Input for this task:
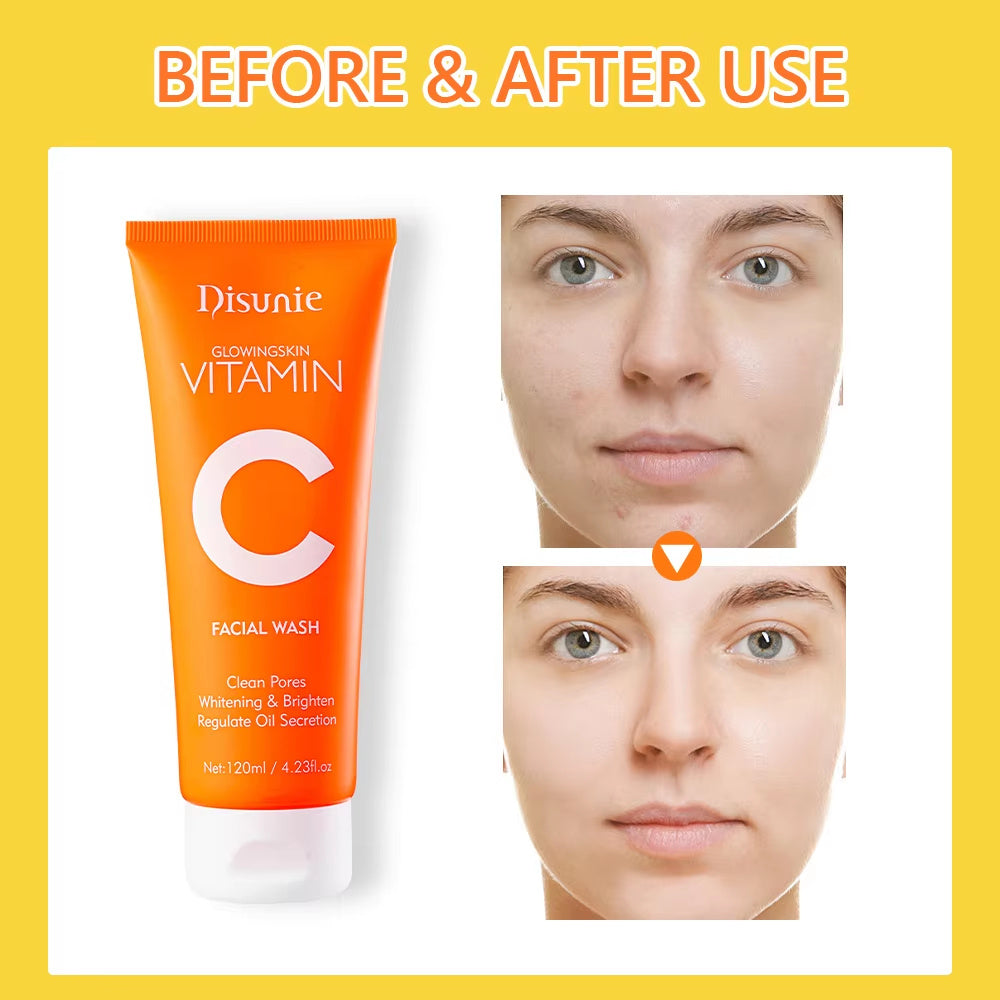 Vitamin C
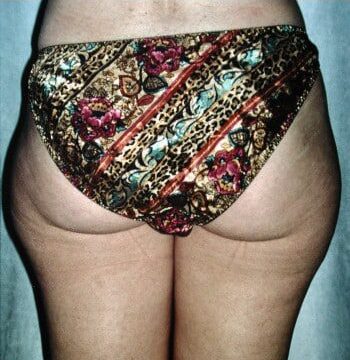 Before Image: Liposuction - back
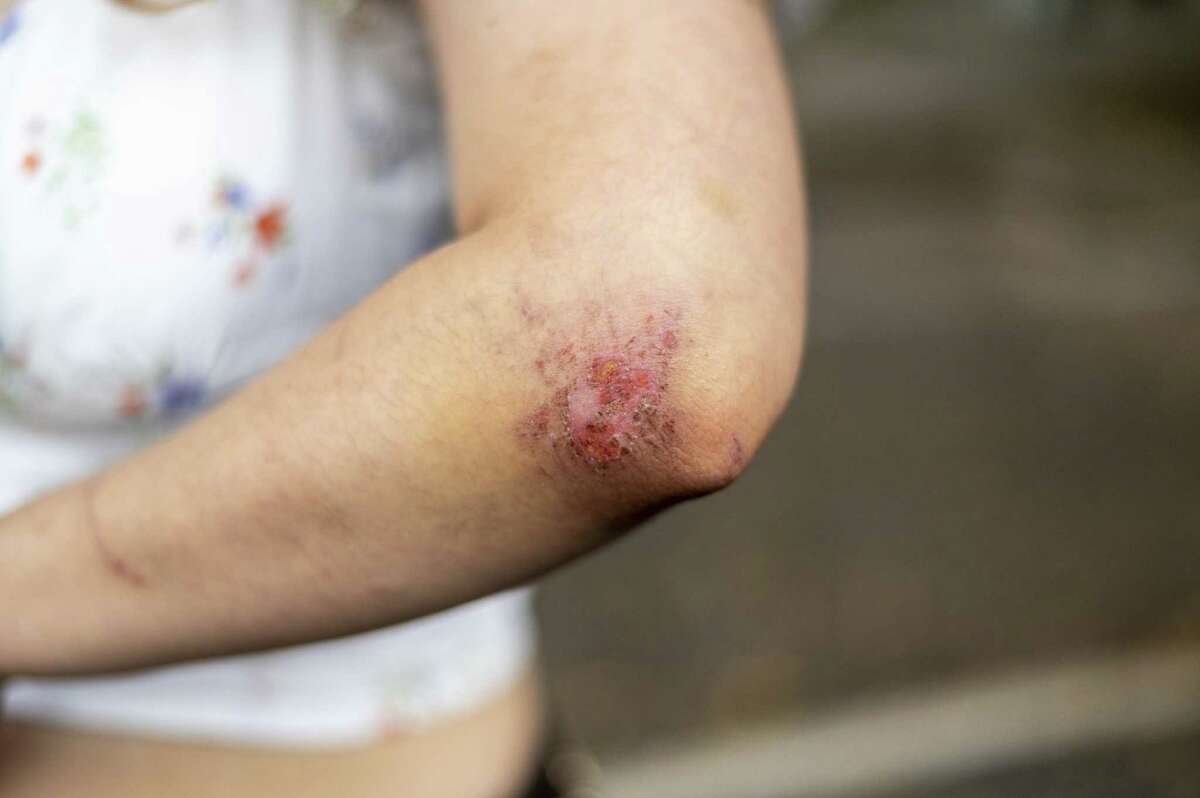 Cynthia Lira, who attended Astroworld, shows the results of her injuries near her home in Austin, Texas, on Nov. 10, 2021. Photo for The Washington Post by Sergio Flores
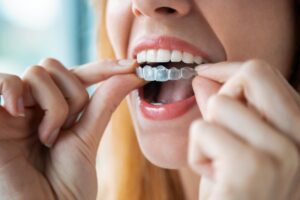 Woman slipping clear aligner onto teeth.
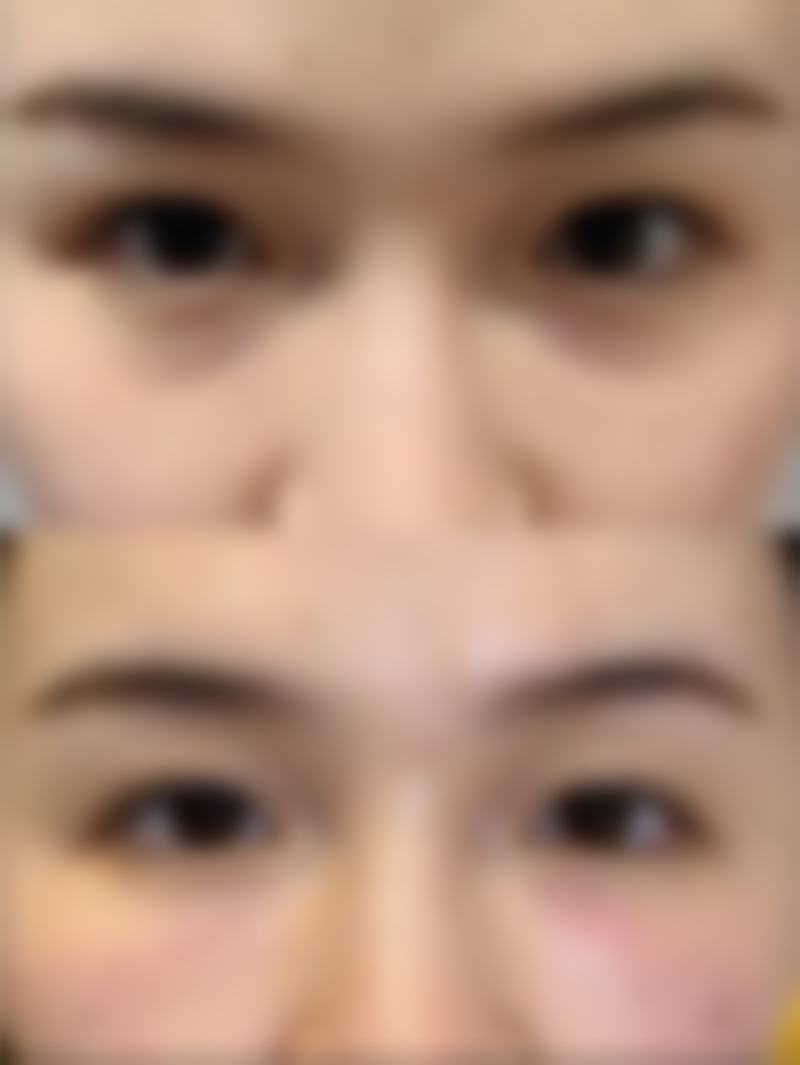 打瘦脸针后，该选哪些软食补充营养？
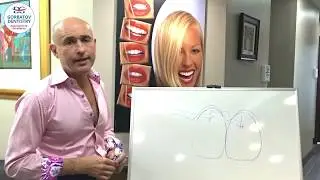 Керамические виниры в стоматологической клинике в Майами, Флорида США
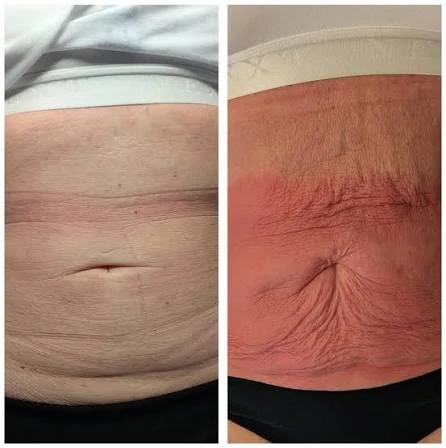 How Does RF Microneedling Improve Crepey, Thin and Uneven Skin Texture Bridgwater?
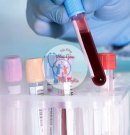 LIÊN KẾT XÉT NGHIỆM TT XÉT NGHIỆM TẠI TPHCM 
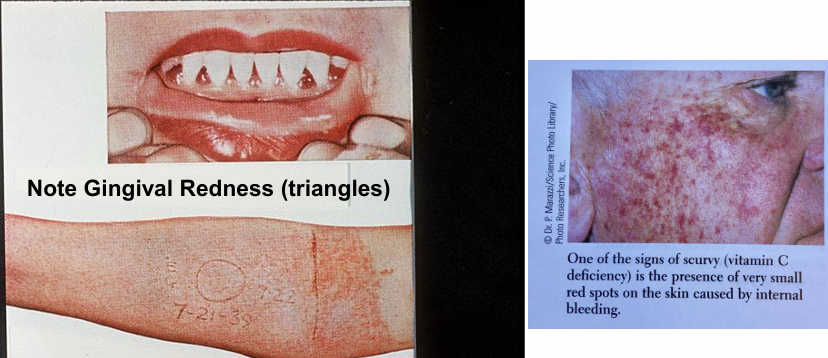 <ul><li><p><strong>scurvy</strong> </p></li><li><p><strong>poor wound healing</strong> </p></li><li><p><strong>gum lesions, spongy gums and bleeding</strong></p></li><li><p><strong>loosening of teeth</strong></p></li><li><p>scoliosis (bone matrix)</p></li><li><p>termination of bone growth </p></li><li><p>joint pain &amp; swelling </p></li><li><p>increased sensitivity in extremities</p></li><li><p>vomiting of blood &amp; bloody stools</p></li><li><p>edema of chest &amp; stomach </p></li><li><p>cerebral hemorrhage &amp; capillary fragility</p></li></ul><p></p>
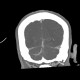 Venous angioma of cerebellum: CT - Computed tomography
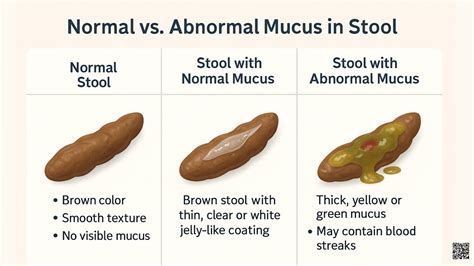 Mucus in Stool: What It Means, Causes, and When to Act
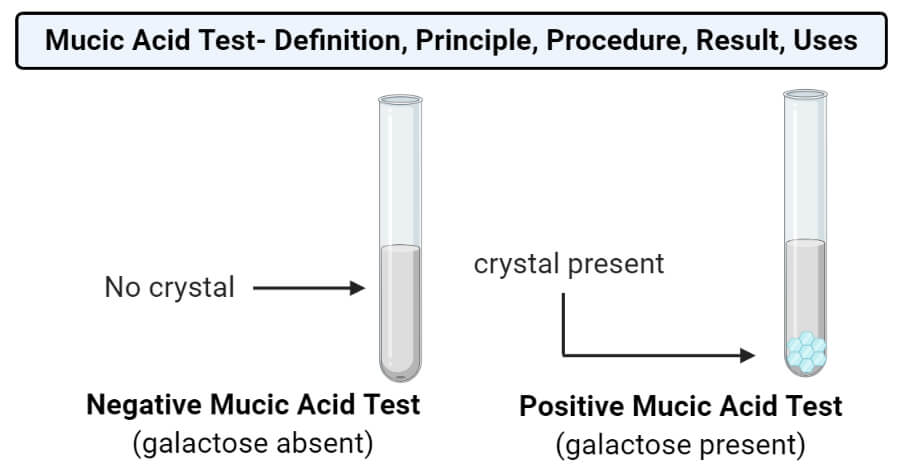 Mucic Acid Test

Exercise description: A verbatim copy of the data, with all pictures omitted, is the required output.

Exercise output:
 Vitamin C
 Before Image: Liposuction - back
 Cynthia Lira, who attended Astroworld, shows the results of her injuries near her home in Austin, Texas, on Nov. 10, 2021. Photo for The Washington Post by Sergio Flores
 Woman slipping clear aligner onto teeth.
 打瘦脸针后，该选哪些软食补充营养？
 Керамические виниры в стоматологической клинике в Майами, Флорида США
 How Does RF Microneedling Improve Crepey, Thin and Uneven Skin Texture Bridgwater?
 LIÊN KẾT XÉT NGHIỆM TT XÉT NGHIỆM TẠI TPHCM 
 <ul><li><p><strong>scurvy</strong> </p></li><li><p><strong>poor wound healing</strong> </p></li><li><p><strong>gum lesions, spongy gums and bleeding</strong></p></li><li><p><strong>loosening of teeth</strong></p></li><li><p>scoliosis (bone matrix)</p></li><li><p>termination of bone growth </p></li><li><p>joint pain &amp; swelling </p></li><li><p>increased sensitivity in extremities</p></li><li><p>vomiting of blood &amp; bloody stools</p></li><li><p>edema of chest &amp; stomach </p></li><li><p>cerebral hemorrhage &amp; capillary fragility</p></li></ul><p></p>
 Venous angioma of cerebellum: CT - Computed tomography
 Mucus in Stool: What It Means, Causes, and When to Act
 Mucic Acid Test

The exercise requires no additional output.